HOW TO COMPLETE THIS TASK
Using the data below, restate exactly every line from the one with "Chic Mosaic High Neck Slim T-Shirt" up to and including the one with "Karl Lagerfeld Crystal". No picture belongs in it.

Caption-style text data
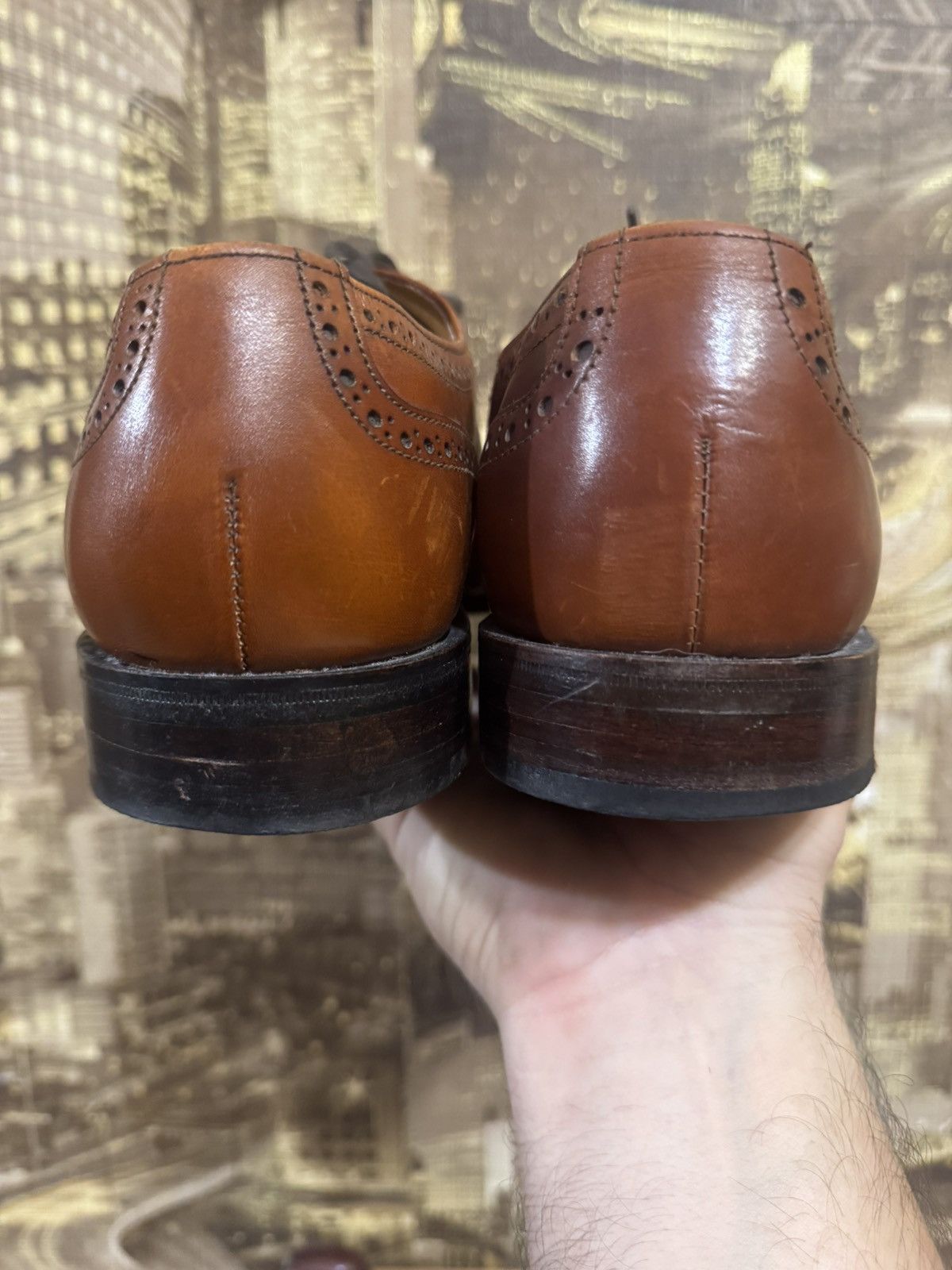 Loake Loake Brown Leather Derby Brogue Shoes Mens UK 8 Size US 8 / EU 41 - 6 Thumbnail
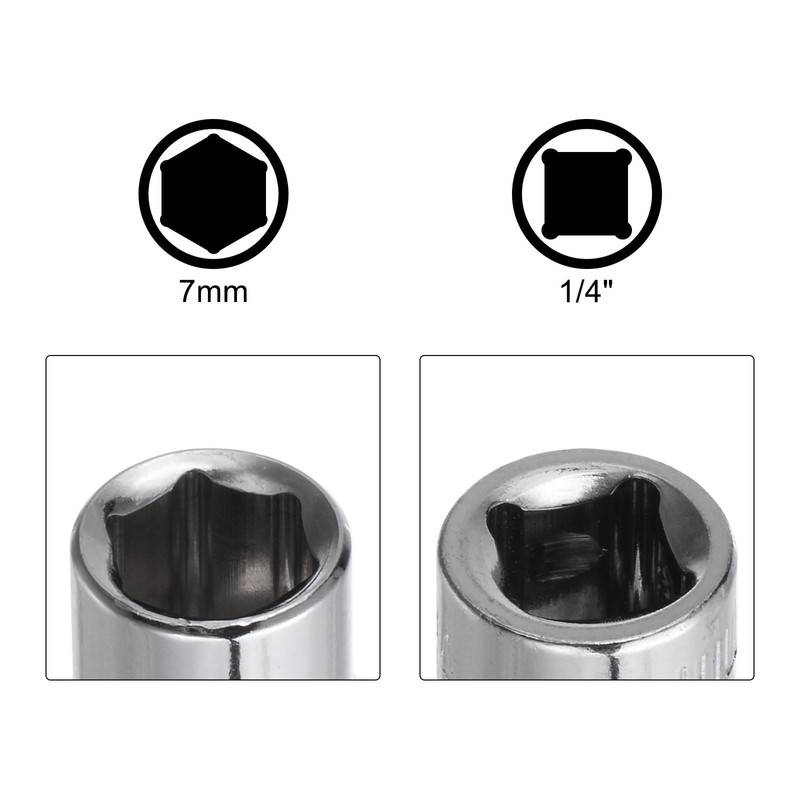 sourcing map 6-Point Shallow Socket, 1/4" Drive 2pcs 7mm Deep
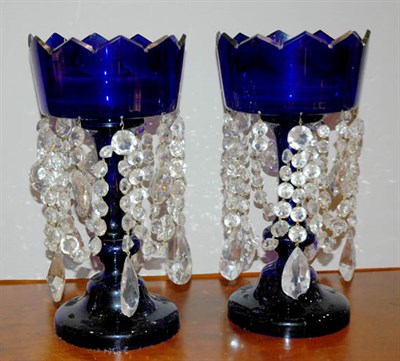 Lot 4357 - Pair of Gilt Decorated Cobalt Glass Prismed...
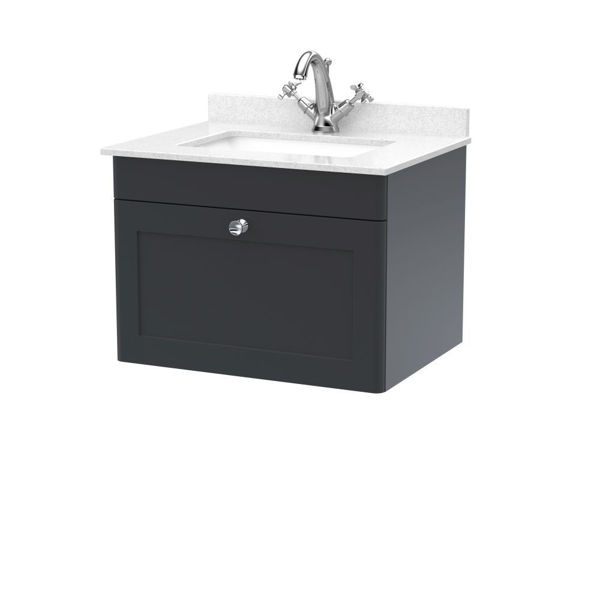 Picture of Neutral Classique 600mm Wall Hung 1 Drawer Vanity & Marble Top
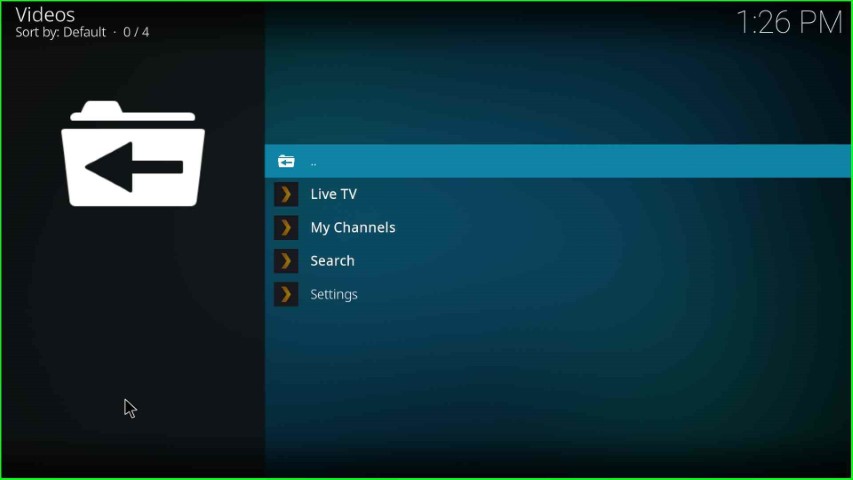 Plex Live home page appears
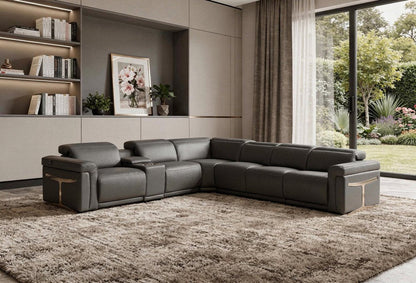 Gray Italian Leather Modular L Shaped Seven Piece Corner Sectional With Console HomeRoots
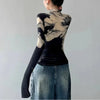 Chic Mosaic High Neck Slim T-Shirt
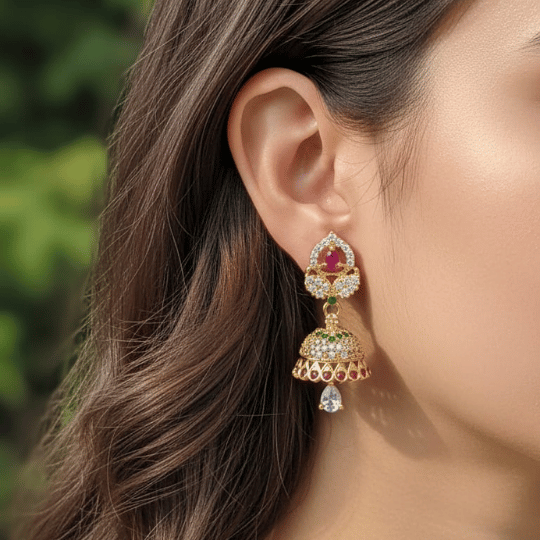 Micro Gold plated Jhumka Earrings with CZ Shine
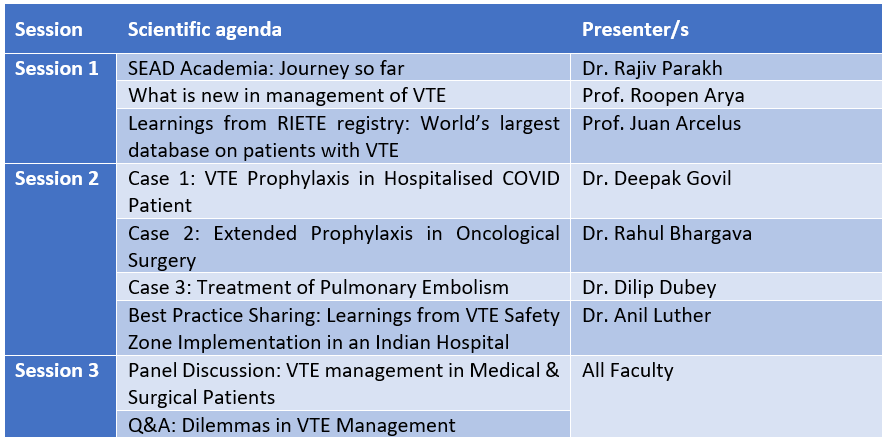 SEAD Academia VTE Workshops With ISCCM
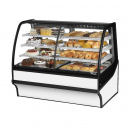 True TDM-DZ-59-GE/GE-W-W 59" White Curved Glass Dual Dry / Refrigerated Bakery Display Case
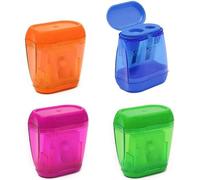 Taille-Crayon À Double Trou De Haute Qualité Avec Bac À Copeaux Intégré, Portable Pour L'école Et Le Bureau
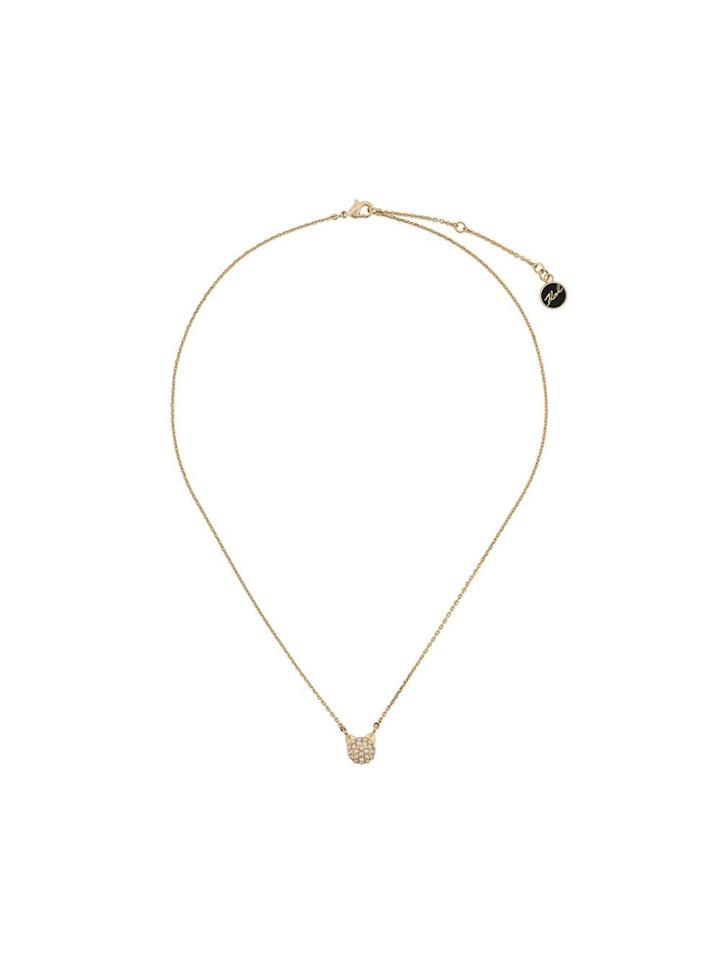 Karl Lagerfeld Crystal Choupette Necklace - Gold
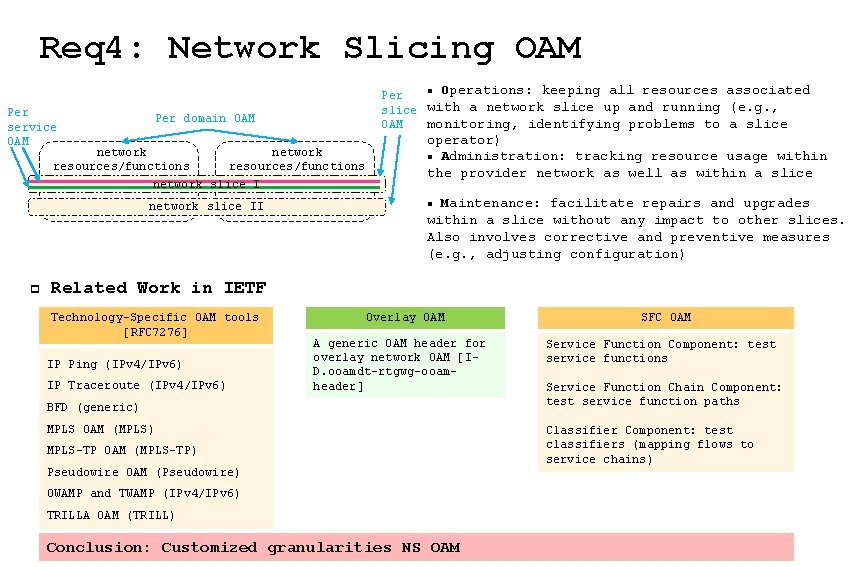 Req 4: Network Slicing OAM Per service OAM n Operations: keeping all resources associated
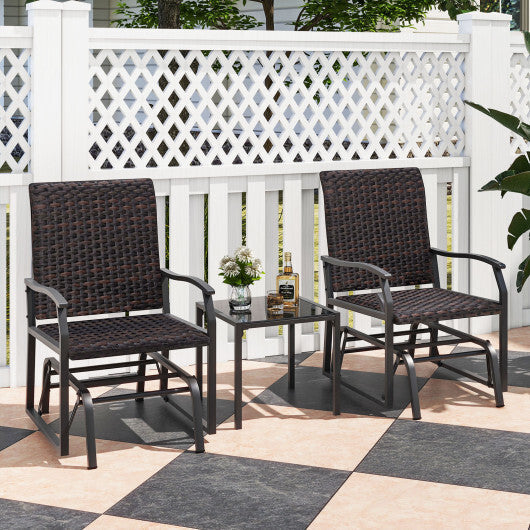 3 Piece Patio Gliding Set with Tempered Glass Coffee Table All Weather-Brown W2B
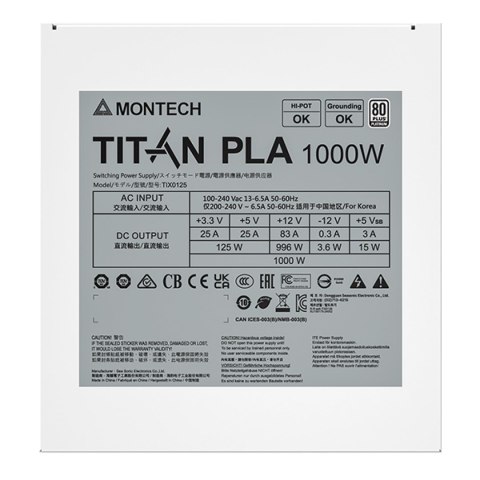 Montech Montech TITAN PLA 1000W moduł zasilaczy 20+4 pin ATX ATX Biały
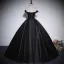 Élégant Noire Satin Robe De Bal 2023 Robe Boule De l'épaule Noeud Sans Manches Dos Nu Longue Promo Robe De Ceremonie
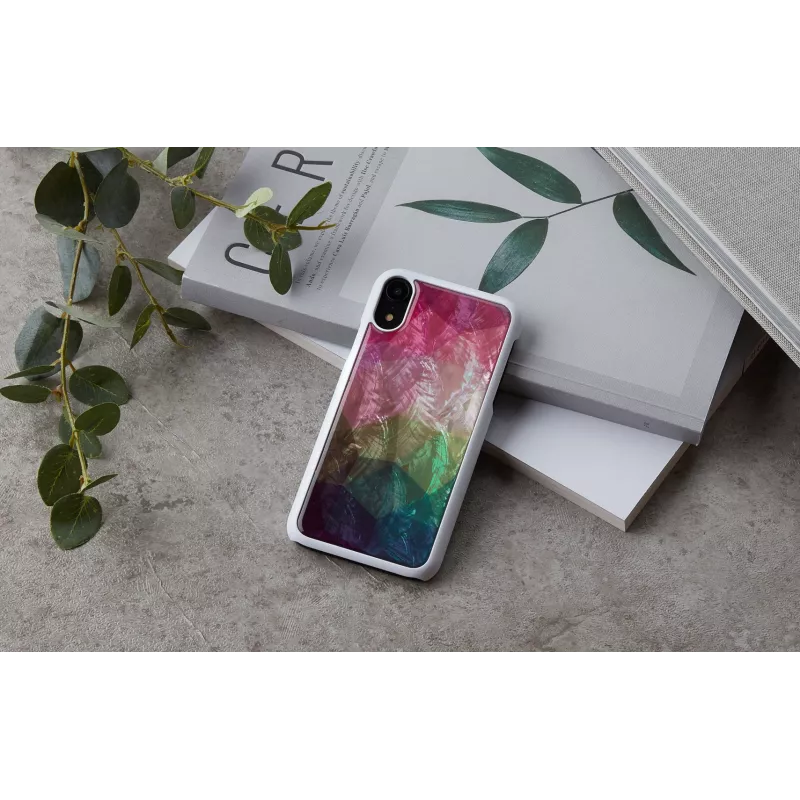 Etui na smartfona iKins do iPhone XR – wzór kwiatów wodnych, biały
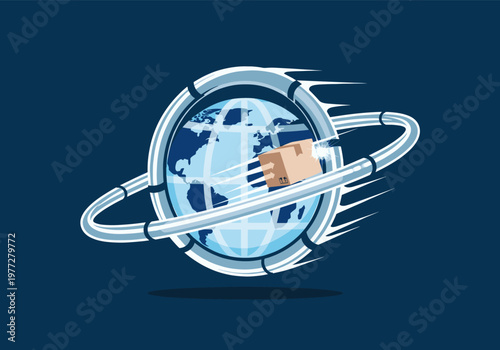 Package rapidly orbiting the globe for fast international parcel delivery.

WRITTEN REPLY
 Chic Mosaic High Neck Slim T-Shirt
 Micro Gold plated Jhumka Earrings with CZ Shine
 SEAD Academia VTE Workshops With ISCCM
 True TDM-DZ-59-GE/GE-W-W 59" White Curved Glass Dual Dry / Refrigerated Bakery Display Case
 Taille-Crayon À Double Trou De Haute Qualité Avec Bac À Copeaux Intégré, Portable Pour L'école Et Le Bureau
 Karl Lagerfeld Crystal Choupette Necklace - Gold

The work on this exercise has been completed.